Quando o mundo se prepara para uns EUA sem Trump (todo o mundo menos Trump), a China mais uma vez joga a longo prazo e na antecipação. Isto quando em Londres Boris Johnson larga o lastro dos hard brexiteers, se livra de Cummings (segundo o “Guardian”, “special advisers were said to be delighted by his departure”) e Cain, e prepara uma atitude mais conciliante, até em relação ao Parlamento britânico e aos próprios deputados conservadores, outro sinal das mudanças que se adivinham com Biden.

A isso ele está obrigado, não só devido à situação política interna (perdeu por 433 contra 165 na Câmara dos Lordes o seu Internal Market Bill), mas também porque com Trump vai-se o bilateralismo que os EUA queriam impor às relações económicas internacionais, o “dividir para reinar” que constituía uma das bases da Nova (Des)Ordem Internacional de Trump.

Só que o mundo não ficou à espera. Domingo passado foi assinado numa cerimónia virtual organizada pelo Vietname o acordo de criação da maior zona mundial de livre comércio, com 15 países: China, Austrália, Nova Zelândia, Japão, Coreia do Sul e as dez nações da Associação dos Países do Sudeste Asiático.
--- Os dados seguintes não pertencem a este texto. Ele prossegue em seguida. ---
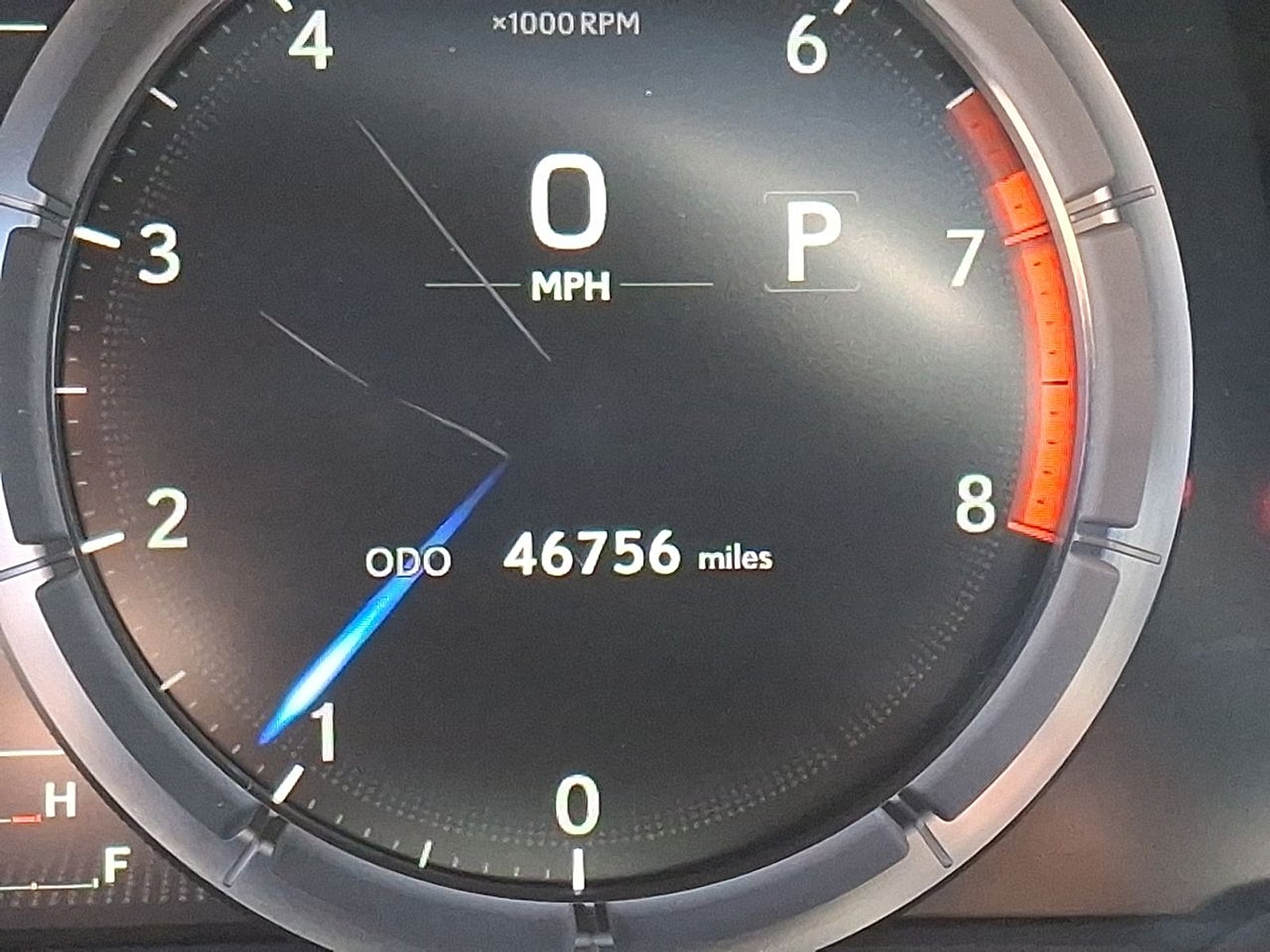 2023 Lexus ES 350 F SPORT Handling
No seu conjunto representam mais de 30% da população e do produto do mundo, mais de dois mil milhões de consumidores.

Isto acontece quando tínhamos regressado à Idade do Protecionismo, muito fruto da agenda política de Trump e do seu Make America Great Again. Também é curioso como o assinar do acordo foi facilitado pelas concessões recentes do governo chinês. Mas o racional é claro: com esta iniciativa a China responde à tentativa de isolamento a que a administração americana a quis votar, e é o resultado de uma política americana que alienou os aliados tradicionais para fazer cimeiras com a Coreia do Norte.

Agora Biden vai tarde para ressuscitar a Parceria Transpacífica, posta na prateleira por Trump em 2017 com a crítica de McCain e o aplauso de Sanders, que a considerava uma ameaça pela deslocalização de indústrias e consequente perda de empregos.

Com esta iniciativa e o que representa em termos de dimensão de mercados, esse potencial de deslocalização é real – é uma zona do mundo com forte dinâmica populacional e onde nível de vida e poder de compra aumentarão significativamente. Para muitas multinacionais, incluindo as europeias, vai ser determinante estar lá, mais que nos EUA, para mais quando um espaço de livre troca não torna necessário operar a partir da China.

Um sinal avançado disto será o regresso da Índia à iniciativa, depois do seu abandono por recear abrir demasiado a sua economia e pela proximidade com a China afastar as empresas americanas localizadas no país, o que não mereceria a simpatia do futuro ex-presidente. No dia em que a Índia aderir, teremos mais de 50% da população mundial no mesmo espaço de trocas comerciais. Nesse dia o mundo não vai mudar porque já está, e sempre esteve, a mudar, só que nem sempre bem.